New ransomware group FunkSec using AI to develop malware
(TLP: CLEAR) Recent reporting sheds light on the FunkSec ransomware group, a ransomware collective that emerged in late 2024 claiming to have racked up over 85 ransomware victims in December 2024, surpassing all other ransomware groups during that time period. However, recording indicates that deeper analysis suggests their cyber exploits may be exaggerated, as many of their leaked datasets are recycled from previous hacktivist campaigns. Presenting themselves as a Ransomware-as-a-Service (RaaS) operation, FunkSec offers custom ransomware tools written in Rust, employing RSA and AES encryption. Despite their rapid iteration, inefficiencies and redundancies in their code suggest the ransomware was created by an inexperienced developer, likely based in Algeria. Their rapid development cycles are enabled by AI-assisted tools, which enhance their capabilities despite their limited technical expertise. FunkSec delivers its malware through phishing sites and GitHub repositories disguised as cracked software, further expanding its reach. In addition to ransomware services, ransomware, the group offers an arsenal of additional tools, such as a custom DDoS tool, HVNC servers for stealthy remote access, and password-scraping utilities, enhancing their operational versatility. The group operates under aliases like Scorpion and El Farado, whose overlapping responsibilities and poor operational security have exposed vulnerabilities in their activities. For instance, Scorpion inadvertently revealed their connection to Algeria through metadata embedded in shared screenshots. Following Scorpion’s ban from cybercrime forums, El Farado emerged as the leading figure, actively promoting FunkSec’s campaigns and hosting stolen data leaks on their .onion site. FunkSec’s motivations straddle the line between political hacktivism and financial crime. While publicly supporting causes such as the “Free Palestine” movement, their actions clearly align with cybercriminal objectives, with victims primarily located in India and the United States.

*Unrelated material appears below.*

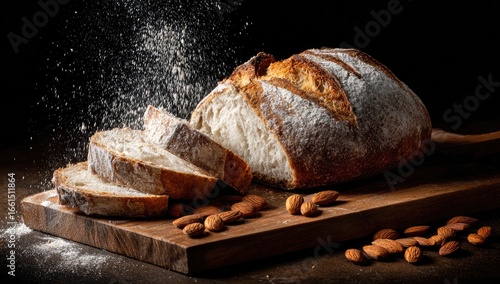 Sliced artisan bread, flour, and almonds on a wooden board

(TLP: CLEAR) Recommended best practices/regulations: Cybersecurity & Infrastructure Security Agency #StopRansomware Guide: “Implement Protective Domain Name System (DNS). By blocking malicious internet activity at the source, Protective DNS services can provide high network security for remote workers. These security services analyze DNS queries and take action to mitigate threats—such as malware, ransomware, phishing attacks, viruses, malicious sites, and spyware—leveraging the existing DNS protocol and architecture.”
(TLP: CLEAR) Vercara: Vercara’s Protective DNS solution, UltraDDR (DNS Detection and Response), receives DNS queries from enterprise users and other on-LAN devices and inspects the DNS response for indicators of malicious activity such as phishing, ransomware, and acceptable usage policy violations.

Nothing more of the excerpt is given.